There are many reasons you may be interested in learning how to teach yourself to sing. Maybe lessons are too expensive, or you are not entirely sure singing is your passion. Maybe you’re embarrassed about your singing level or you feel like you are behind and want to kickstart your singing. But is it actually possible to teach yourself to sing? Yes… and no. Read on to see what we mean…
You Already Sing!
Singing is part of our everyday lives. It isn’t like learning something completely new, such as an instrument or learning how to drive, because singing is simply an extended use of the voice. You are already halfway to singing when you speak. So, you’ll want to work on the techniques of using your voice that will improve this skill you already possess. The techniques you will want to begin with include:
Vocal pitch is one of the most important areas of singing. When you work with a vocal coach, your pitch may be one of the first things they talk about. Singing off-pitch is what causes most singers to stop singing, or listeners to think someone sounds bad.
When you are learning how to teach yourself to sing, you will want to establish a good warm-up and exercise routine to help with this technique. Pitch matching – reproducing tones you hear with your voice – is probably the simplest exercise you can work on. This involves not just working with your voice, but your ear as well, as your ear is an important key to vocal pitch. All you need for simple pitch-matching exercises is a tuner, a pitch to match, and your voice.
The pitch you match could be the built-in pitches in a tuner, a piano, or even a YouTube video or virtual keyboard. The best technique, however, is using a piano, because it trains your ear in the same way you would in professional lessons. Play a note, such as a C, and sing it back. This is where you will want a tuner to tell if you are truly matching pitch.

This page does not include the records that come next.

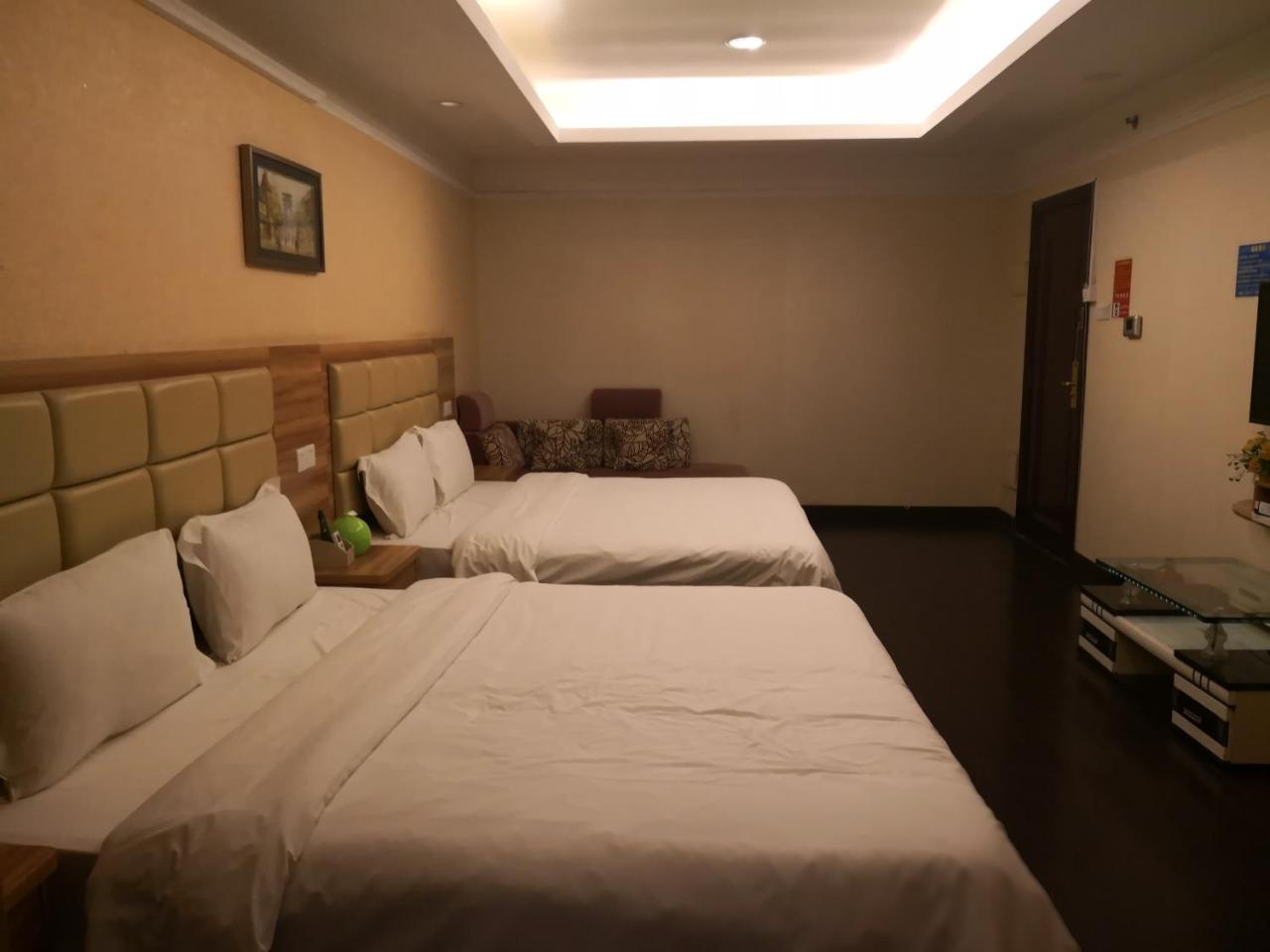 Best Cat Hostel Гуанджоу Екстериор снимка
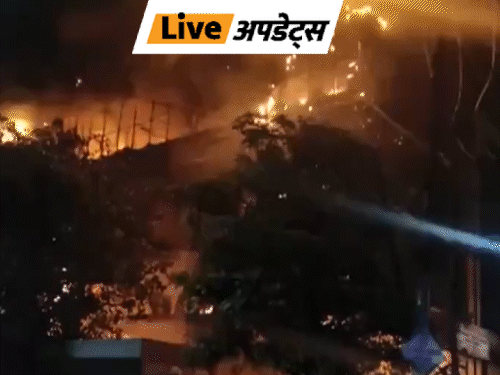 भास्कर अपडेट्स:नोएडा की 4 मंजिला इमारत में आग लगी, फायर ब्रिगेड की 5 गाड़ियां मौके पर
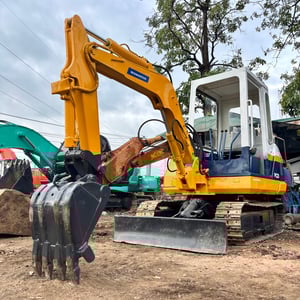 รถขุดเล็ก KOMATSU PC20-2 รถขุดเล็ก KOMATSU PC20-2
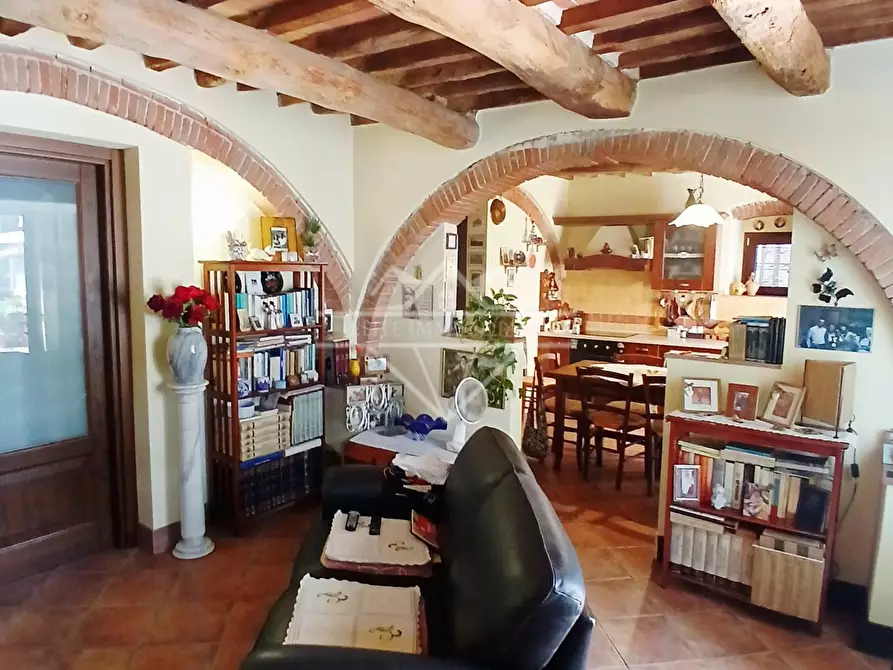 Immagine 11 di Casa semindipendente in vendita  a Carrara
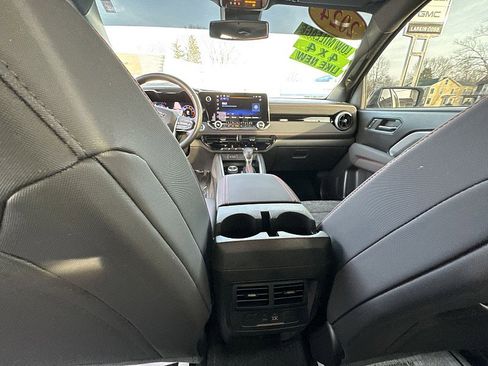 Certified 2024 Chevrolet Colorado Z71 w/ LPO, Dark Essentials Package image 21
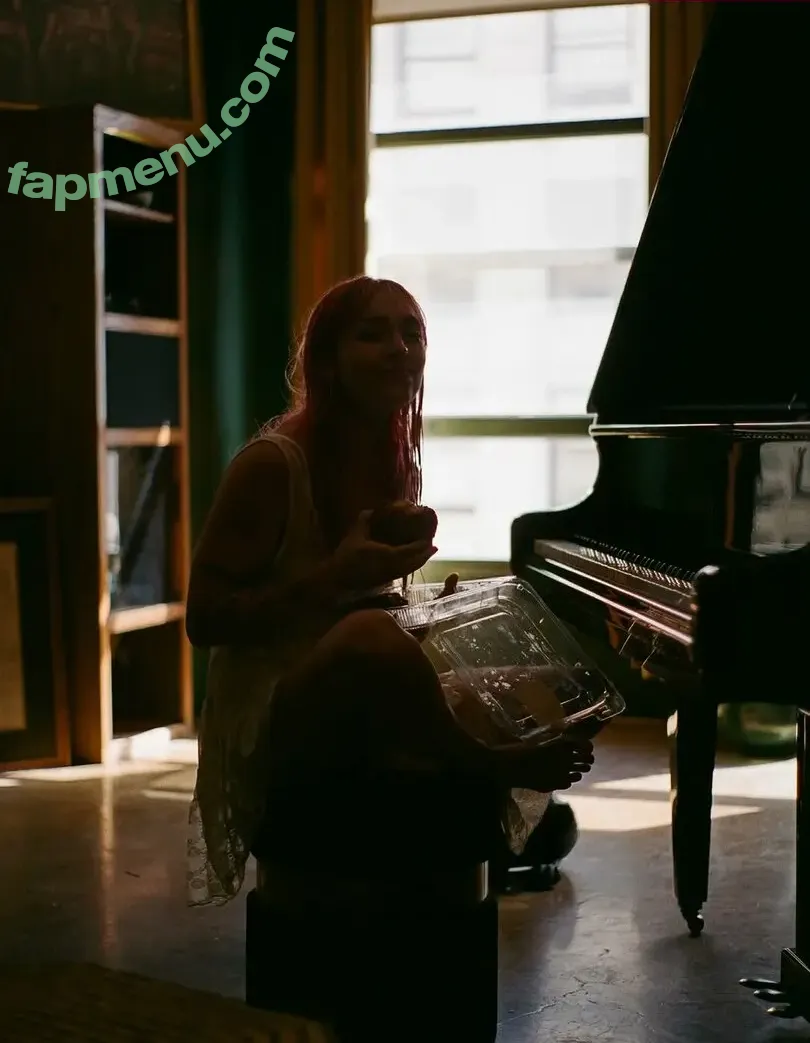 Eliza Grace nude photo #0198 (ElIZAGRACEMUSIC / elizaxograce)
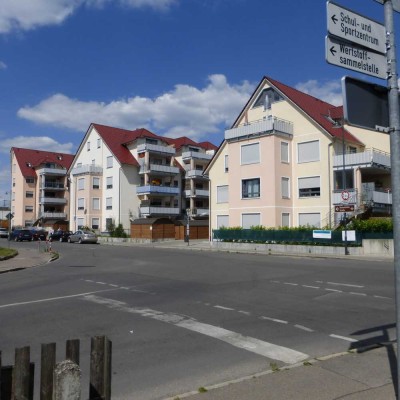 Schöne 2-ZKB-Wohnung im 1. OG mit Balkon in Mering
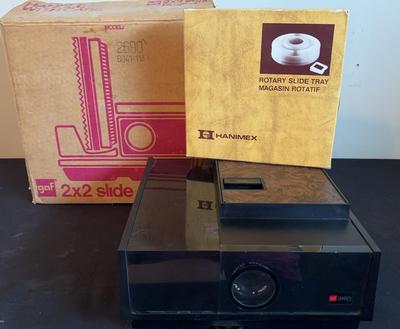 VINTAGE GAF 2690 SLIDE PROJECTOR AND ROTARY SLIDE TRAY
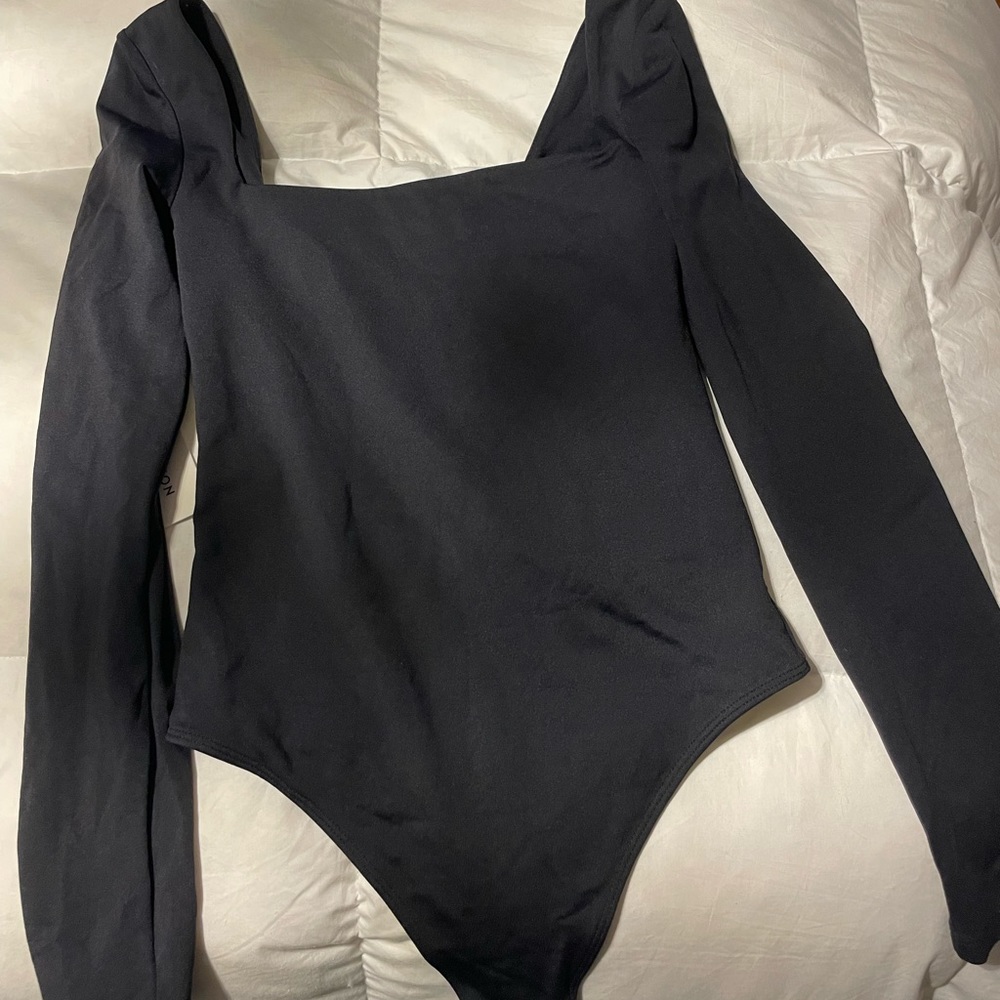 Aritzia bodysuit size small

The next step in the journey of how to teach yourself to sing is to work on your vocal power. To begin, vocal power requires proper breathing and diaphragm control. Add some breathing exercises to your daily warm-up, and pay attention to correct positioning of your jaw, mouth, and body to help with this.
A lot of breathing exercises incorporate singing different sounds on pitches and working up and down the scale. Making sure you breathe from your belly and support your voice through the entire exercise is the key to power. Sequences such as “Mi Me Ma Mo Mu” up and down the scale will give you practice in opening your mouth, relaxing your throat, and supporting your sound. You don’t want these notes to sound nasal, but rather supported and steady.
Vocal range goes hand-in-hand with vocal power. Once you get your breath support under control, you can begin exploring your range. The ability to relax your throat, and support your voice from the diaphragm will give you the power needed for the wider range in notes.
Your power exercises in how to teach yourself to sing are also great range exercises as you work up and down a scale. For example, try sliding your voice up and down to hit those higher and lower notes. These should all be part of your warm-up before working on an actual vocal piece.
There are tons of great supplemental resources on how to teach yourself to sing, from the Internet to the library to your local music programs. You can practice any of the warm-up exercises you find on YouTube, as well as match pitch through standards and common folk songs. Often you can find sheet music online or in your local library or these sorts of songs.
While you can teach yourself to sing the basics with these resources, if you want to sing well, working with a vocal teacher is extremely important. Your teacher will be able to notice and correct bad habits that can lead to injuries or those that may be affecting your sound. Plus, the motivation and inspiration you can get from this type of guidance can make a huge difference. Find a qualified teacher, and then use the exercises described above to supplement in between your lessons. Before long, you’ll be singing like the pros!